Sharps Technology CEO Urges Shareholders to Vote in Support of the Three Proposals by the July 12 Voting Deadline
July 09 2024 - 8:30AM
Sharps Technology, Inc., (NASDAQ: “STSS” and “STSSW”), an
innovative medical device and pharmaceutical packaging company
offering patented, best-in-class syringe products, issues a
shareholder letter from Robert Hayes, the Company’s Chief Executive
Officer.
Dear Fellow Shareholders:
In order to continue Sharps Technology’s solid progress toward
achieving its goals, I want to share with you the importance of the
three proposals on the shareholder ballot and ask you to take a few
moments to vote to approve them.
Up for vote on the ballot are the following three proposals:
- To increase the authorized number of shares of common stock, if
required for future equity transactions.
- To effectuate a reverse stock split of the Company’s common
stock, at our discretion, at a ratio of up to 1-for-8, if required
to maintain our Nasdaq listing.
- To issue securities in non-public offerings where the maximum
discount will not exceed 20% below the market price of the
Company’s common stock.
Our leadership team is moving forward aggressively to increase
the Company’s valuation through strategic partnerships and customer
opportunities that will drive the need to expand our manufacturing
capacity in Europe and the United States.
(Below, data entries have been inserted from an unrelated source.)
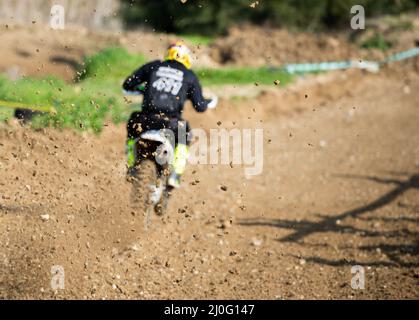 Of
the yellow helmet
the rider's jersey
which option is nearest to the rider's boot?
the rider's jersey

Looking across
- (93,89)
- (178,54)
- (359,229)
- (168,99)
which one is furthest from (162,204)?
(93,89)

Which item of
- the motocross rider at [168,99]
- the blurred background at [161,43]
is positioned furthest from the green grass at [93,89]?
the motocross rider at [168,99]

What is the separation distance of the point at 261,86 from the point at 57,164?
388 inches

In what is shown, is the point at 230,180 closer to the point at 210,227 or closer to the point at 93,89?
the point at 210,227

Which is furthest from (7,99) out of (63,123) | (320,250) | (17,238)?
(320,250)

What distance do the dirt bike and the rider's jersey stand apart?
1.15 feet

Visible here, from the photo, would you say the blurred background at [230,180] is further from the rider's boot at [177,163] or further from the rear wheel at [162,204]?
the rider's boot at [177,163]

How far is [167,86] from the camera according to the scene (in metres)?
7.92

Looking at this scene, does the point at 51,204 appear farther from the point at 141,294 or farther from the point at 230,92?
the point at 230,92

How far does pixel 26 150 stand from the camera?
29.9ft

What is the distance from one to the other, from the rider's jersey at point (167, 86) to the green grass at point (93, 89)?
1017 millimetres

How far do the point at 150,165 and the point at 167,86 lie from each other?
0.99 m

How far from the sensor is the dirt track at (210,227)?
6.69 m

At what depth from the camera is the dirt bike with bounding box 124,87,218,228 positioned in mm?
7477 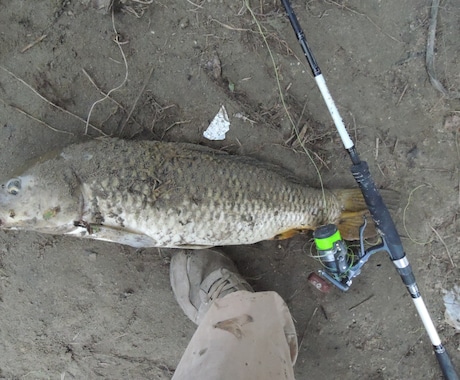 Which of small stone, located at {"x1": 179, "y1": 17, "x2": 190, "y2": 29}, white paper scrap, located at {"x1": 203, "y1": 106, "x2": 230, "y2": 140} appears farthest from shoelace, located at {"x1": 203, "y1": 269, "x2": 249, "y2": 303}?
small stone, located at {"x1": 179, "y1": 17, "x2": 190, "y2": 29}

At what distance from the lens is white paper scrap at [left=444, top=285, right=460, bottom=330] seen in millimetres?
3158

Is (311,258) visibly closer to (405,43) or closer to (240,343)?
(240,343)

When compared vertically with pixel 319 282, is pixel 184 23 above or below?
above

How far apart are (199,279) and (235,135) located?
42.1 inches

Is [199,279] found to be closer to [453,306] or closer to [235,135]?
[235,135]

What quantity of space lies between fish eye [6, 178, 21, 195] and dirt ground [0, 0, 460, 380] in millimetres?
446

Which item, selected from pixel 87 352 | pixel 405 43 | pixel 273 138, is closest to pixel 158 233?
pixel 273 138

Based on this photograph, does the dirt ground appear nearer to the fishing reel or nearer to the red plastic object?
the red plastic object

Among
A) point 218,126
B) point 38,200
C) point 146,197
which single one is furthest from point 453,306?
point 38,200

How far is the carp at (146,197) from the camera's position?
2465mm

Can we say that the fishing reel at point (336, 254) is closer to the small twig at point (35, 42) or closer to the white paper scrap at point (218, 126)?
the white paper scrap at point (218, 126)

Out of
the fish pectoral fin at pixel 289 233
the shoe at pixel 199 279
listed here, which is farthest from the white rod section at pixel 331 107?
the shoe at pixel 199 279

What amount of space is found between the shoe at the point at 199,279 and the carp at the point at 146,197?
268 mm

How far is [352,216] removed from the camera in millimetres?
2844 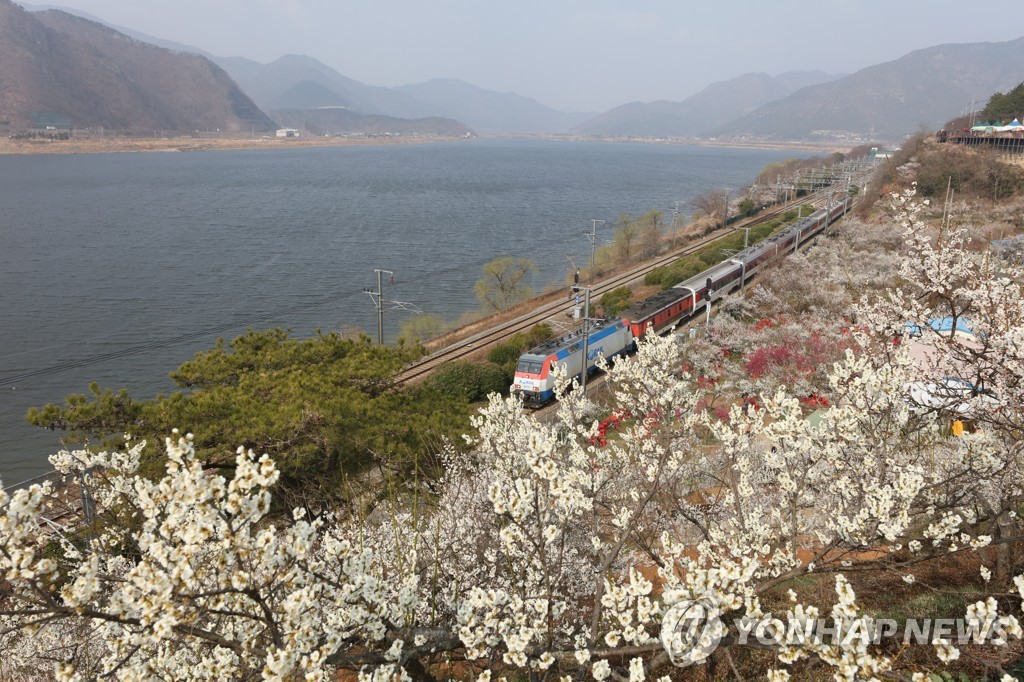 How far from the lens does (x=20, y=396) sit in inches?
1164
We believe that passing
the three proposals is extremely important for Sharps to execute on
these growth strategies and create more value for our
shareholders.
Shareholders of record as of May 17, 2024, can vote or change
their vote 24 hours a day, seven days a week, until 11:59 p.m.,
Eastern Time on July 12, 2024.
Voting can be executed via the Internet at www.proxyvote.com
(have your 16-digit stockholder control number, which can be found
on your proxy card, in hand when you access the website). It can
also be accomplished by toll-free telephone at 1-800-690-6903 (have
your 16-digit stockholder control number, which can be found on
your proxy card, in hand when you call). If your shares are held at
a broker or bank, contact them directly to obtain your 16-digit
shareholder control number. Voting issues and inquiries can be
directed to your broker, or if holding Registered shares, to the
Company by email at info@sharpstechnology.com or by calling (631)
574-4436.
Late voting or late changes can be made online during the
Special Meeting on July 15 at
www.virtualshareholdermeeting.com/STSS2024SM with your 16-digit
stockholder control number.
With significant recent developments transforming the syringe
market, Sharps Technology is experiencing heightened interest in
our innovative products, and we are actively pursuing these
opportunities within the healthcare market. I want to make it clear
that Sharps Technology is currently extremely well-positioned to
supply both U.S. and global healthcare customers with innovative
products such as the SecureGard and SoloGard syringe lines, and our
manufacturing expansion in South Carolina is expected to be able to
ship prefillable syringes to the market within the next 12
months.
Thank you for your continuing support and confidence in our
Company. For more information, please visit
http://sharpstechnology.com
Sincerely,Robert Hayes, CEO Sharps Technology, Inc.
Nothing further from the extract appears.